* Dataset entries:
▽
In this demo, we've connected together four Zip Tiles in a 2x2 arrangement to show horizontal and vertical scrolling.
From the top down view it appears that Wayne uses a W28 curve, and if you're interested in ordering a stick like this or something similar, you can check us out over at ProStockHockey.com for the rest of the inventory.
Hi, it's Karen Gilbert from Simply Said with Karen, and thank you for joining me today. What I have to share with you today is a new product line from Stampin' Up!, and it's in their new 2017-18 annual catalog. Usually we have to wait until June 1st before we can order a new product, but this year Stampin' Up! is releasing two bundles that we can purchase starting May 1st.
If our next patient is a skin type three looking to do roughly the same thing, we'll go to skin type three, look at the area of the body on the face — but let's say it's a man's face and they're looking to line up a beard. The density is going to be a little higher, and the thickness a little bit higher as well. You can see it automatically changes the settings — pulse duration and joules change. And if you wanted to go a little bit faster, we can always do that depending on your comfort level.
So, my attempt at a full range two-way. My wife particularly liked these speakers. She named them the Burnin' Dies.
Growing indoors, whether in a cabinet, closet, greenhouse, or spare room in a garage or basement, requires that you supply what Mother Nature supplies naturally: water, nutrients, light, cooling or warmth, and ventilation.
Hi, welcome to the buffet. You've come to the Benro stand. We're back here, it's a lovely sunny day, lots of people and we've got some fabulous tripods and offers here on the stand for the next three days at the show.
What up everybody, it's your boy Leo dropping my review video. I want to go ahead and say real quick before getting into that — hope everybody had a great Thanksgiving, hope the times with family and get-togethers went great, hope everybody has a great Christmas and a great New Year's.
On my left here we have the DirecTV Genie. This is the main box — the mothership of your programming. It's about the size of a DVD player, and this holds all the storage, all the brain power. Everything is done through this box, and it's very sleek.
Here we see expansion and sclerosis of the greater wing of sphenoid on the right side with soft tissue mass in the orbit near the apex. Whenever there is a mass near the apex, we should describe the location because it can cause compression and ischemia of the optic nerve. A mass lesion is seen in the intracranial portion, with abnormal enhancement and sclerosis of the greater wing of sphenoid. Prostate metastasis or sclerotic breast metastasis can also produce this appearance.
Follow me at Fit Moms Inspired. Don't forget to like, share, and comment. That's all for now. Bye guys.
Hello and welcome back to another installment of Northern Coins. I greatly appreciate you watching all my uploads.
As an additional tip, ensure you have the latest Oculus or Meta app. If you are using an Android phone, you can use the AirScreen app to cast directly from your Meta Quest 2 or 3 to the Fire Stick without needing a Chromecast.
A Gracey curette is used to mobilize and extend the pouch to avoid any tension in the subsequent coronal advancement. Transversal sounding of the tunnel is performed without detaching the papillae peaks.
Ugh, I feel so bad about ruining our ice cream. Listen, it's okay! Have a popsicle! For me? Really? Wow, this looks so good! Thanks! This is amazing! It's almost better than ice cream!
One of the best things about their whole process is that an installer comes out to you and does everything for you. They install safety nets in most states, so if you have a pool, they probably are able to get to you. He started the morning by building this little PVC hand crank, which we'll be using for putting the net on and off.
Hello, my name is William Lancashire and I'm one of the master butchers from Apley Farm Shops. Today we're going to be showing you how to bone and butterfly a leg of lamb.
△
In the records above, locate each line with the word "back". Copy all such lines.

* Output of the task:
Hi, welcome to the buffet. You've come to the Benro stand. We're back here, it's a lovely sunny day, lots of people and we've got some fabulous tripods and offers here on the stand for the next three days at the show.
Hello and welcome back to another installment of Northern Coins. I greatly appreciate you watching all my uploads.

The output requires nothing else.